Z is determined to make it to Insectopia, the rumored paradise where ants are free to make their own decisions. Not surprisingly, this heretical kind of thinking gets him ostracized. Initially reluctant, Bala accompanies him out into the dangerous new world and before long decides she is ready to abandon her kingdom for a little taste of insect heaven. On the road to Insectopia, they confront numerous obstacles like pesky wasps (Dan Akroyd and Jane Curtin), a gigantic flyswatter, powerful sun rays, and — in a very funny scene — gargantuan human sneakers.

Meanwhile, a greater danger is lurking in the ambitious megalomaniac General Mandible (Gene Hackman), who is betrothed to the Princess. He has a master plan to remake the ant colony according to his own crazed vision — even if he has to do it by force, subterfuge and destruction.

When little Z finds out about the General’s plan, he finally has his chance to become a real hero by uniting the workers and the soldiers. Only if they work together, ignoring the age-old caste system, can they save each other and their colony.

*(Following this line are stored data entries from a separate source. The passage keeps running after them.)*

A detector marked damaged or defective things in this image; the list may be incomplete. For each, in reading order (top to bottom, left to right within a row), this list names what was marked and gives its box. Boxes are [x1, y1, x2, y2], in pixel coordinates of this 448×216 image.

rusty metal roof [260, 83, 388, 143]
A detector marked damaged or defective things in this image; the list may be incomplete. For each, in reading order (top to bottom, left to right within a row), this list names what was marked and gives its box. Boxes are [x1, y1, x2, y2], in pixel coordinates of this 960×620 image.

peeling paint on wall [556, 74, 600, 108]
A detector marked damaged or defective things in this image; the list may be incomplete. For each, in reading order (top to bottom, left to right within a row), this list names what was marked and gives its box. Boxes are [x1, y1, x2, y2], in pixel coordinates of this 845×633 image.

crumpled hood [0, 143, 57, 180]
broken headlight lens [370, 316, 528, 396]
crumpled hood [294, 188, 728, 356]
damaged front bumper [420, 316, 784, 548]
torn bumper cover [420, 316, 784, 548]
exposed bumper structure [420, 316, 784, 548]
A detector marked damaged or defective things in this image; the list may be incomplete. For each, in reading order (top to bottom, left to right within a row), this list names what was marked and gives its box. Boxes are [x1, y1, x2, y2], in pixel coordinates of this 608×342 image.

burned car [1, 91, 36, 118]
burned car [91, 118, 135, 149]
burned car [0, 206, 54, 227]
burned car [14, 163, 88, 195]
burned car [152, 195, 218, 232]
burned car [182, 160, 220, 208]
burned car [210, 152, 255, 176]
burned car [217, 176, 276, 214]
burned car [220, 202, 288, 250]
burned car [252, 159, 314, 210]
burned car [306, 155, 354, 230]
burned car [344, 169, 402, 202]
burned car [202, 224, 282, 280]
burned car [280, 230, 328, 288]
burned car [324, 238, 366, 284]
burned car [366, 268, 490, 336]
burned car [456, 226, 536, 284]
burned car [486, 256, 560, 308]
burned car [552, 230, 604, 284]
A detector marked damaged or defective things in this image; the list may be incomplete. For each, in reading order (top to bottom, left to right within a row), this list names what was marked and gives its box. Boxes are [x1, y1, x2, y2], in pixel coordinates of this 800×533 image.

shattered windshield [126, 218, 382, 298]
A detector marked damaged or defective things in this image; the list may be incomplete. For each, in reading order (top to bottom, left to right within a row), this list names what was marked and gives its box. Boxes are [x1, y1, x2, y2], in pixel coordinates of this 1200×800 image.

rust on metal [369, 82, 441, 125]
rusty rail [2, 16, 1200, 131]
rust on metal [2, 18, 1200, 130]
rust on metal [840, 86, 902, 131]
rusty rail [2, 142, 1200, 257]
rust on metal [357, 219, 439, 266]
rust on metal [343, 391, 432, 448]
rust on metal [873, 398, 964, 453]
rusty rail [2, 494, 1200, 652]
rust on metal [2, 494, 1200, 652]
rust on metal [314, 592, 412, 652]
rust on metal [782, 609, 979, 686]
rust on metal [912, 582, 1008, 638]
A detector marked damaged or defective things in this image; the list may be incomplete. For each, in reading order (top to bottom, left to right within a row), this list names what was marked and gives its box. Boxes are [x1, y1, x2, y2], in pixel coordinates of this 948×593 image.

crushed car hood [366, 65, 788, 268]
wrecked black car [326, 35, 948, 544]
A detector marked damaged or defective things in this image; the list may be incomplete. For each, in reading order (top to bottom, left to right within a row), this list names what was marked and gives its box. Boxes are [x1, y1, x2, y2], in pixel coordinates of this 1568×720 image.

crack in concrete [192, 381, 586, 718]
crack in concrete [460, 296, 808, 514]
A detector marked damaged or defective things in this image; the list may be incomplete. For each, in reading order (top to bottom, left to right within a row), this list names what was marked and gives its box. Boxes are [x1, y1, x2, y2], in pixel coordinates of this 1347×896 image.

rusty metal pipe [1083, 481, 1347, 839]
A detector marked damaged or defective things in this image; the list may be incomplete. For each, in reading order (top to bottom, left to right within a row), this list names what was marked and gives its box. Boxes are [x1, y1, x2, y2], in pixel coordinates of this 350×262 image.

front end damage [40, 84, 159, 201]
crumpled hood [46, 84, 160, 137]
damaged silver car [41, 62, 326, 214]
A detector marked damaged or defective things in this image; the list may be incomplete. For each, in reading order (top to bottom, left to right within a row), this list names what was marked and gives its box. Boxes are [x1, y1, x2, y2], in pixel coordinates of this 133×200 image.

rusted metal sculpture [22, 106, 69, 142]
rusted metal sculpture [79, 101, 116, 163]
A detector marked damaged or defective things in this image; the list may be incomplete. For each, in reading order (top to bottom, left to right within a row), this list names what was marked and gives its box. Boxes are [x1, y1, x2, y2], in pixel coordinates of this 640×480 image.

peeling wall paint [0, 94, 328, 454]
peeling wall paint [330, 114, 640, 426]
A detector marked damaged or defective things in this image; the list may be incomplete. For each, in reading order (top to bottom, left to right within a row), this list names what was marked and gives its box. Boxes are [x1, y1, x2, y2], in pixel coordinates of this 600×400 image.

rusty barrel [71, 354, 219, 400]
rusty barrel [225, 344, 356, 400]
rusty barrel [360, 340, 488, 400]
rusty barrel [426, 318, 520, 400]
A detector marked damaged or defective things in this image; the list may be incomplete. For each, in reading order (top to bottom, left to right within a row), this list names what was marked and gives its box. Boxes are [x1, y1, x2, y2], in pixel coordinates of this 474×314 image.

A kind of morality play, Antz has a dual message: First, become an independent thinker and do what’s right for you. Don’t do what other people tell you to do just because they think they’re right. Challenge the ideas of those around you. Second, if you work as a team for the betterment of all, you can achieve and conquer with new-found strength and power.

Message aside, this enormously entertaining joint-venture between DreamWorks and PDI is a stunningly-crafted feature that takes computer animation to new levels. With its precise drawings and cutting-edge technology, Antz is a step above other animated features. Kudos go to supervising animators Raman Hui and Rex Grignon.

Set in two separate worlds, the film takes audiences inside the drab and regimented ant colony, contrasting it with the colorful and infinitely unpredictable outside world. It’s a sort of animated Microcosmos shown from an ant’s point of view — where a can of Pepsi or a bottle of Sprite is the size of a skyscraper, a blade of grass is the size of a tree, and a drop of water becomes an enormous bauble in which little Z gets trapped.

More impressive than all of that, however, are the sophisticated computer advances in facial animation, which make these well-delineated characters endlessly expressive and more human-like. Of course, it helps that the producers enlisted a star-studded cast of voices who bring their own personalities to the characters, bringing them to life in delightfully broad fashion.

Screenwriters Todd Alcott and Chris and Paul Weitz wrote the part of Z specifically for Woody Allen, who reportedly made the role his own by rephrasing his lines and adding his own words. It’s great fun to see an insect version of Allen on the couch opining about the meaninglessness of life in expectedly neurotic fashion. This little ant even has a shrink (Paul Mazurksy). No ordinary cartoon, this adorable animated comedy has it all — top-notch visuals, a first-rate cast of voices, clever dialogue, a little romance and an engaging story with a good-old fashioned ending that makes it a winner for audiences of any age.